Wildfire Emergency Safety Tips

California experiences thousands of wildfires every year. While most are minor, some have made history as the deadliest and most destructive wildfires in the world. 2018 was the most devastating year for wildfires in California’s history. Ninety-three victims lost their lives in wildfires. Eighty-five died in a single fire: the Northern California Camp Fire. Although wildfire rates have decreased this year, Californians must always be vigilant in preventing and preparing for fires. If a wildfire strikes your region, follow a few important emergency safety tips to get your family out of harm’s way.

Ways to Prevent Fires

Humans cause most wildfires in the U.S. and California. Almost 85% of all wildfires in the U.S. trace back to human activities, according to the National Park Service. You may not think you make a difference, but just one person could start a fire that destroys thousands of acres and takes lives. Do your part to prevent wildfires in California.

  • Obey burn restrictions
  • Discard cigarettes correctly
  • Keep all vehicles and equipment properly maintained
  • Do not use consumer fireworks or play with fire
  • Never let children play with lighters or matches
  • Maintain all electrical cords and equipment in your home
  • Keep your oven clean
  • Store flammable products and items properly
  • Never go to sleep with candles burning
  • Test your smoke detectors regularly

If you wish to have a fire while camping, get your campfire permit to stay within the confines of the law. You need a permit in California to start a campfire or use a portable stove on private properties and national parks. You also need written permission from the owner on private property. Taking steps such as obtaining your campfire permit could educate you about the dangers of wildfires, helping you spread awareness and prevent fires in your community.
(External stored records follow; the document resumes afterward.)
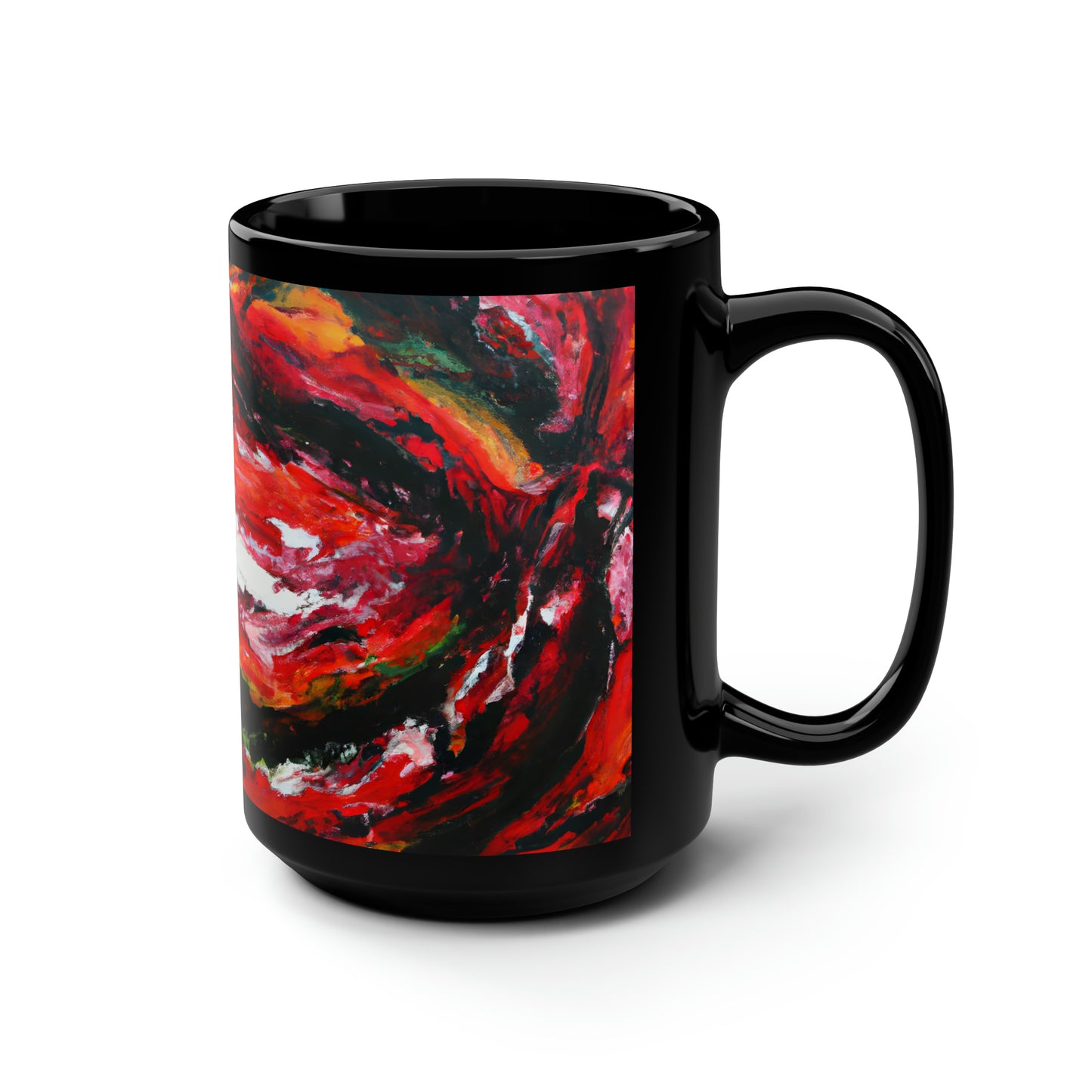 Galaxium Carbonide - Phosphorus, Abstractly - Black Ceramic Mug 15oz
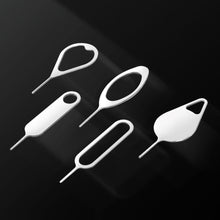 Load image into Gallery viewer, 20pcs Universal Sim Card Tray Removal Eject Pin Key Tool Stainless Steel Needle Opener Ejector for Most Mobile Phone Smartphone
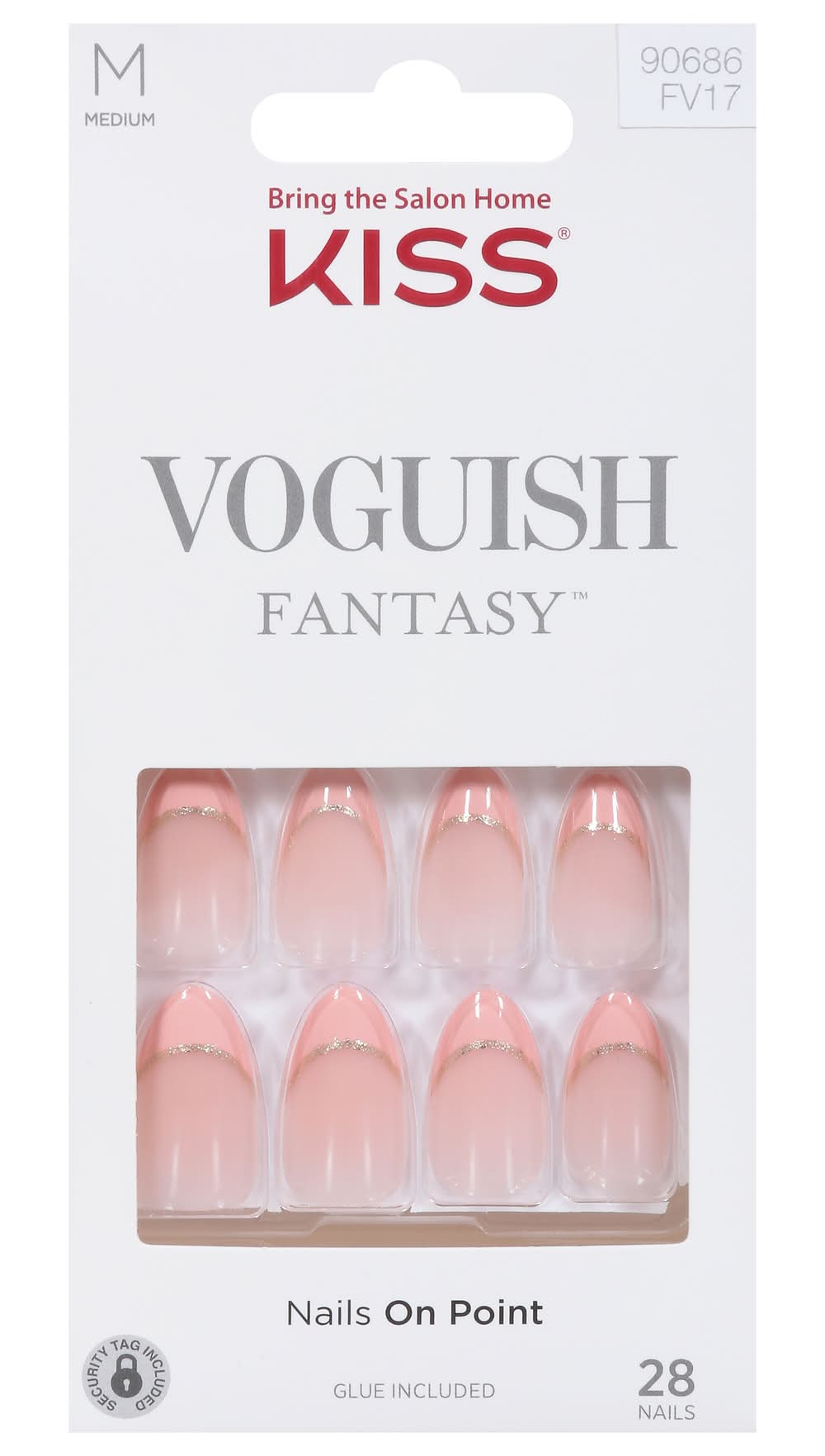 KISS Voguish Fantasy Nails on Point Medium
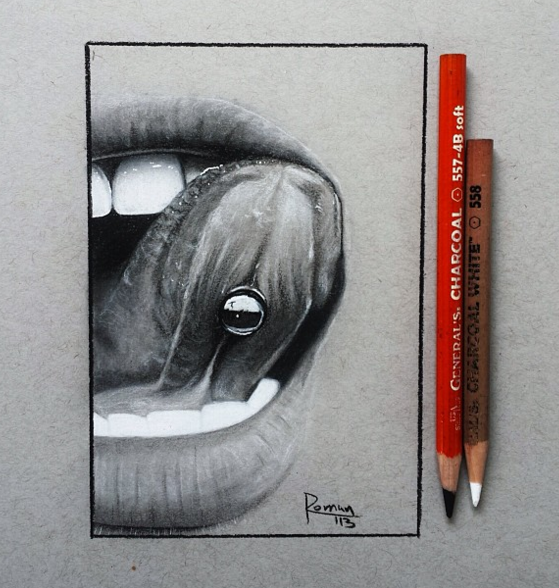 17 Gambar bibir ini cuma dilukis pakai pensil tapi bisa ada efek 3D 17 Gambar bibir ini cuma dilukis pakai pensil tapi bisa ada efek 3D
Creating an Emergency Plan

A wildfire emergency plan can save invaluable time during a real emergency. You can feel calm, prepared and ready to go if you have already mapped out what to do during a wildfire. Assemble an emergency supply kit. Your kit should include nonperishable food items, plenty of water, extra clothes, medical information, a flashlight, a first aid kit and a burn kit. Create an emergency evacuation plan and practice it with your family. You should all know where to exit the home and have a meeting point a safe distance away. Plan at least two ways out of your neighborhood, and know the location of the nearest wildfire evacuation center.

What to Do in a Wildfire

Sign up for notifications from a wildfire alert system in your community. Download an app such as Ready for Wildfire for alerts sent straight to your phone. If you receive a warning that a wildfire is near your area, prepare to evacuate. Pack your bags and grab your emergency kit. Put must-have items in your vehicle so you can leave quickly. If told to evacuate, do so immediately. Go to the nearest emergency evacuation center. If you have time before an evacuation, take steps to help protect your home from fire damage.

  • Push furniture into the center of each room
  • Take down curtains and window treatments
  • Close all windows and doors
  • Shut of sources of natural gas
  • Turn every light on to make your home more visible to firefighters in smoke

While driving away from a wildfire, keep your windows up to avoid inhaling smoke. Remain calm and drive slowly. Turn your headlights on to make your vehicle more visible. Drive directly to the fire evacuation point closest to you. Do not exit your vehicle unless you get stuck and it is an emergency. Once the fire abates, return to your property only after officials say it safe to do so. If the fire damaged your property, take photographs to begin a homeowners insurance claim.